CUH ‘struggling’ as 54 patients on trolleys

In total, 493 people were on trolleys around the country, according to figures compiled by the Irish Nurses and Midwives organisation. However, the trolley crisis was at its worst at Cork University Hospital with 54 people on trolleys.
Beaumont in Dublin had 38 people on trolleys, University Hospital Limerick had 34, and Letterkenny had 31.
The HSE has said it is committed to reducing hospital over-crowding through its winter initiative plan but Fianna Fáil health spokesman Billy Kelleher said Simon Harris has become the third Fine Gael health minister in a row to “fail to deal with the overcrowding crises in our emergency departments”.
He described the figures at CUH as “staggering”.
“This just isn’t acceptable. I know many of the doctors, nurses and management in Cork University Hospital.
“They are doing their level best to deal with the situation but the reality is that not enough beds are being made available for acute patients, and not enough home care packages are being provided to elderly patients to enable them be discharged from hospital, and back into their homes.”
CUH CEO, Tony McNamara told RTÉ News 240 patients had presented at the emergency department in the hospital on Monday, “the highest ever recorded”.

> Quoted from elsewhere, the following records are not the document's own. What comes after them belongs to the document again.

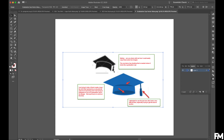We're back with another real-life example from a customer or student in our free Adobe Illustrator course. We teach you how to use Adobe Illustrator for free — we have an online course you can go through at your own time, your own pace.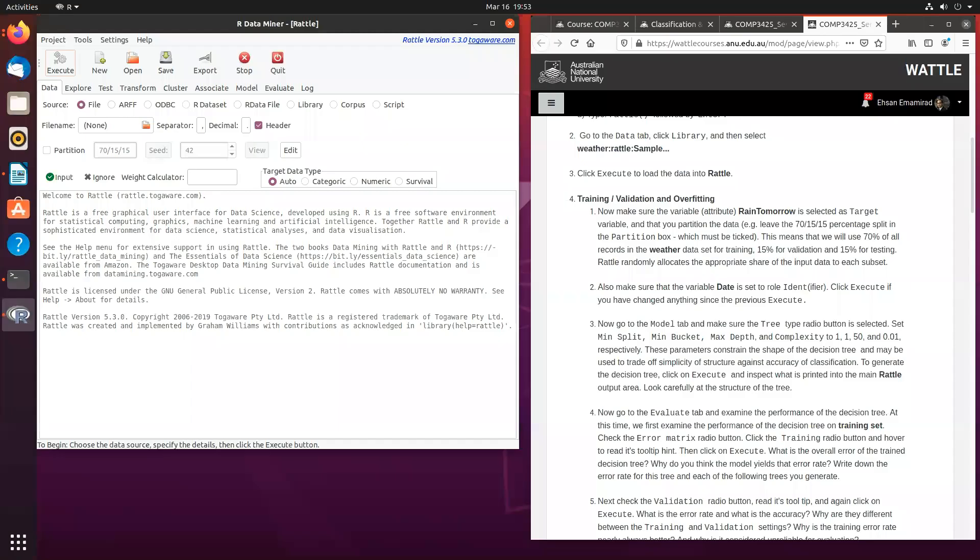Hi, everyone. Today, I'll show you how to experiment with different evaluation methods available in RADL to better understand the performance of our decision tree models.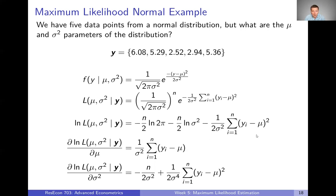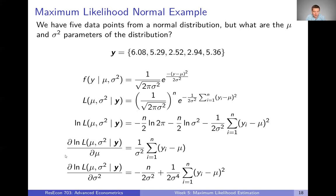Taking the log gives us this expression for the log likelihood function. Feel free to pause and work through this math on your own. Now we've got the log likelihood function, so we want to come up with the first order conditions — the derivative of the log likelihood with respect to the parameters. Now we have two parameters, mu and sigma squared, so we have to take the derivative twice: once with respect to mu and once with respect to sigma squared. Those are the last two lines of math here. The derivative with respect to mu is the first expression; the derivative with respect to sigma squared is the second.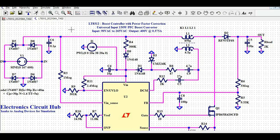Hello friends, welcome to Electronic Circuit Hub. Today we are going to understand the design and simulation of a boost PFC converter — a 150 watt PFC boost converter for universal input. The input voltage is 90V AC to 265V AC and the output is going to be 400V DC at 0.375 amps. PFC stands for power factor correction.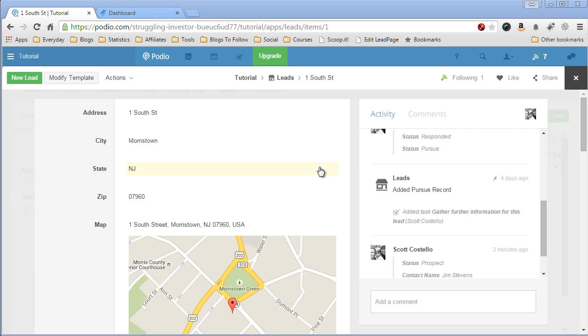In this video, I'm going to show you the process I set up in Podio to move my lead through my lead funnel and then print out an offer letter, which then gets sent to lob.com to be mailed out. This is done very quickly by four button clicks, and I'll show you this right now.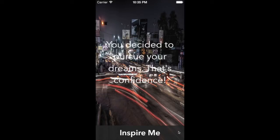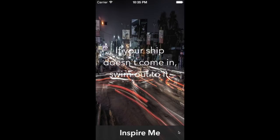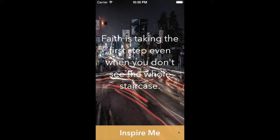Even more interestingly, the color of the button changes with it, creating a sense of something new, something surprising.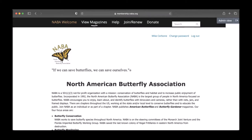Hi NAVA members, I'm Jeanne Wharton, NAVA Vice President. Welcome to our online publications, American Butterflies and Butterfly Gardener. Right now I'm going to show you how it all works.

Of this, 80 had to be admitted to the hospital and “clearly this is an issue,” for capacity at the ED, he said.
He described the numbers requiring admission as equal to the number of patients in a “small hospital”. CUH did not respond to queries from this newspaper asking if planned operations would be cancelled at the hospital because of the overcrowding at the emergency department.
At Leaders Questions in the Dáil yesterday, Enda Kenny said the numbers on trolleys in hospitals was “unacceptable”.
The INMO said longstanding capacity and recruitment issues remain at the country’s emergency departments, and that sufficient money has not been set aside to discharge elderly patients to the community.